Created 08-31-2016 09:03 PM
For the issue described below: Does the data go to trash because the node is unavailable? What could cause this exception in the context of the recent cluster kerberos enabling?
Here is the issue an organization is facing with Kafka after recently enabling Kerberos in HDP 2.4.2 cluster.
They are trying to build a pipeline from Data Center to HDFS. The data is first being mirrored to the cluster using Mirror Maker .8 as the Data Center uses kafka .8. The data is then avro serialized using a Flume agent and dumped into HDFS through the Confluent HDFS connector.
However, from the MirrorMaker, they notice that only about half of the data is mirrored. Since Kerberos was enabled in their cluster, they are noticing the following error in the kafka logs:
[2016-08-29 16:51:28,479] INFO Returning HDFS Filesystem Config: Configuration: core-default.xml, core-site.xml, hdfs-default.xml, hdfs-site.xml (org.apache.ranger.audit.destination.HDFSAuditDestination)
[2016-08-29 16:51:28,496] ERROR Error writing to log file. (org.apache.ranger.audit.provider.BaseAuditHandler)
java.lang.IllegalArgumentException: java.net.UnknownHostException: xyzlphdpd1
at org.apache.hadoop.security.SecurityUtil.buildTokenService(SecurityUtil.java:406)
at org.apache.hadoop.hdfs.NameNodeProxies.createNonHAProxy(NameNodeProxies.java:311)
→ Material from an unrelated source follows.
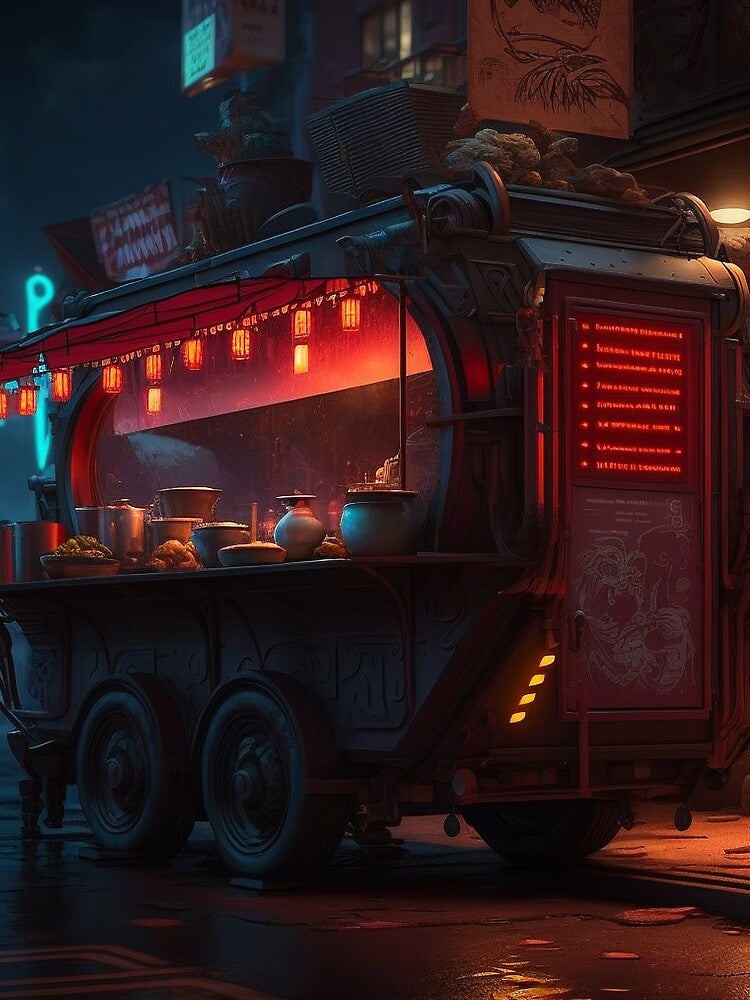 Noodle Stall - Cyberpunk Cityscapes by ArkMinted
at org.apache.hadoop.hdfs.NameNodeProxies.createProxy(NameNodeProxies.java:176)
at org.apache.hadoop.hdfs.DFSClient.<init>(DFSClient.java:678)
at org.apache.hadoop.hdfs.DFSClient.<init>(DFSClient.java:619)
at org.apache.hadoop.hdfs.DistributedFileSystem.initialize(DistributedFileSystem.java:149)
at org.apache.hadoop.fs.FileSystem.createFileSystem(FileSystem.java:2653)
at org.apache.hadoop.fs.FileSystem.access$200(FileSystem.java:92)
at org.apache.hadoop.fs.FileSystem$Cache.getInternal(FileSystem.java:2687)
at org.apache.hadoop.fs.FileSystem$Cache.get(FileSystem.java:2669)
at org.apache.hadoop.fs.FileSystem.get(FileSystem.java:371)
at org.apache.ranger.audit.destination.HDFSAuditDestination.getLogFileStream(HDFSAuditDestination.java:221)
at org.apache.ranger.audit.destination.HDFSAuditDestination.logJSON(HDFSAuditDestination.java:123)
at org.apache.ranger.audit.queue.AuditFileSpool.sendEvent(AuditFileSpool.java:890)
at org.apache.ranger.audit.queue.AuditFileSpool.runDoAs(AuditFileSpool.java:838)
at org.apache.ranger.audit.queue.AuditFileSpool$2.run(AuditFileSpool.java:759)
at org.apache.ranger.audit.queue.AuditFileSpool$2.run(AuditFileSpool.java:757)
at java.security.AccessController.doPrivileged(Native Method)
at javax.security.auth.Subject.doAs(Subject.java:356)
at org.apache.hadoop.security.UserGroupInformation.doAs(UserGroupInformation.java:1637)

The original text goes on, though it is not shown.